HOLDING
THE LINE
War Stories of the U.S.
Border Patrol
This
is our border war. It is not a stretch to call our border
with Mexico, the Demilitarized Zone (DMZ). It is a swath
of land about fifty miles deep and eighteen hundred miles
long. It is in a complete state of “chaos”
every night. And every night as tens of thousands of people
prepare to illegally enter the United States a severely
understaffed army of U.S. Border Patrol agents heads out
on patrol. The night shift gets the brunt of it.

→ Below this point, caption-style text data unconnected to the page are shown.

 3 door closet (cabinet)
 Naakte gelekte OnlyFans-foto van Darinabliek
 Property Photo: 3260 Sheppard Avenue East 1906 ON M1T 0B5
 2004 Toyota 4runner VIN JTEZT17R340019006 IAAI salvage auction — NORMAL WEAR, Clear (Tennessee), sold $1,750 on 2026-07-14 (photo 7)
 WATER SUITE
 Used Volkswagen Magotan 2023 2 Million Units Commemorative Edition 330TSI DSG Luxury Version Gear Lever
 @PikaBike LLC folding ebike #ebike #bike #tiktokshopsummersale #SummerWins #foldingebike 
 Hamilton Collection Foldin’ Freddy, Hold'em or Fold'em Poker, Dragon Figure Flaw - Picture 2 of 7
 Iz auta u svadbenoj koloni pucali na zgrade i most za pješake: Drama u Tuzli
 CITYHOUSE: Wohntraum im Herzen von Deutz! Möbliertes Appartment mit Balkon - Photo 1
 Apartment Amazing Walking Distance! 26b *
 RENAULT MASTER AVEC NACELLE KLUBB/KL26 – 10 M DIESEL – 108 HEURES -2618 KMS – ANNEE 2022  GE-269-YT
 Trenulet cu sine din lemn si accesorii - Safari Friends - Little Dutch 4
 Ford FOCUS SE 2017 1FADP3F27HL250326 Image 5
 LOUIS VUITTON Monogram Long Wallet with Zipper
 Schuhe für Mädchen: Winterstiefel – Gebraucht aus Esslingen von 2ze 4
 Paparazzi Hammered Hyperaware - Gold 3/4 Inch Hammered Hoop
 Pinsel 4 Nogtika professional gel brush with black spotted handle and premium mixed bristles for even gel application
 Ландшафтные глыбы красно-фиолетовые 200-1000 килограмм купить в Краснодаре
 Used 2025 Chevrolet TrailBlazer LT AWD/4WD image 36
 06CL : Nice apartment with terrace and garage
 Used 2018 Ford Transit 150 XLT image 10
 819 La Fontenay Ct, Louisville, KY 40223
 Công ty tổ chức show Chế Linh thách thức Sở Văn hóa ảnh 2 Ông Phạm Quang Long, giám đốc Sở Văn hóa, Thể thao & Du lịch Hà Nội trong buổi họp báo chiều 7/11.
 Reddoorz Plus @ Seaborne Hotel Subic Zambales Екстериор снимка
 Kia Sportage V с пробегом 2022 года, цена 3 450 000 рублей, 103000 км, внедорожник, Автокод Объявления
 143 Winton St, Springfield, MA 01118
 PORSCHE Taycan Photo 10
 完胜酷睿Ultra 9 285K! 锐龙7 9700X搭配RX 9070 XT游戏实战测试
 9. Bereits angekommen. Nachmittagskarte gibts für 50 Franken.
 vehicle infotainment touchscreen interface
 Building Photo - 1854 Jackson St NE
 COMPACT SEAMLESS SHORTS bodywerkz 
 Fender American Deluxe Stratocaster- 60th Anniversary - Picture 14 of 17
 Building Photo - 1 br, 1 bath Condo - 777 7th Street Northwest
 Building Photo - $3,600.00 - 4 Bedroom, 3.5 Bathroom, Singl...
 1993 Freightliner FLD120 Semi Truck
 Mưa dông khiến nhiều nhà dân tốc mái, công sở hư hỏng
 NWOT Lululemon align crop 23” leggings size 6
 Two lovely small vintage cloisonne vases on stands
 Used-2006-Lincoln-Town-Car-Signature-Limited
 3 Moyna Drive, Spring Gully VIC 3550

A fair
guess is that each agent in the field is outnumbered by
illegal border crossers by about 40:1.

Before
the sun rises, agents of the U.S. Border patrol will have
apprehended thousands, administered first aid and saved
the lives of dozens. They will have confronted armed drug
smugglers. They will have fed starving families. In many
cases, although against regulations, they will have stopped
at a McDonalds and bought food for their captives with
money from their own pocket. As with so many nights, the
border patrol agents are reminded of the dichotomy of
their profession; a sense of accomplishment in having
prevented hardened criminals from entering our country
and anguish over the human plight of desperate families.

They
will have crawled through drainage ditches, waded into
the Rio Grande, and sloshed through the muddy red muck
of north Texas cotton fields. They will have scaled cliffs,
repelled from helicopters, slid into rocky ravines, dealt
with more than a few snakes, crossed paths with an occasional
mountain lion, fallen into a mesquite bush or cactus pile.
They travel in jeeps, hummers, and SUVs, in helicopters,
in boats, on horses, on foot, on three wheeled all terrain
vehicles, and on bicycles. They are often alone and often
frightened but they have mastered the art of controlled
fear and a concept called “officer presence”.

What most law enforcement training academies teach as
“a worse case scenario” is a routine event
for the men and women United States Border Patrol.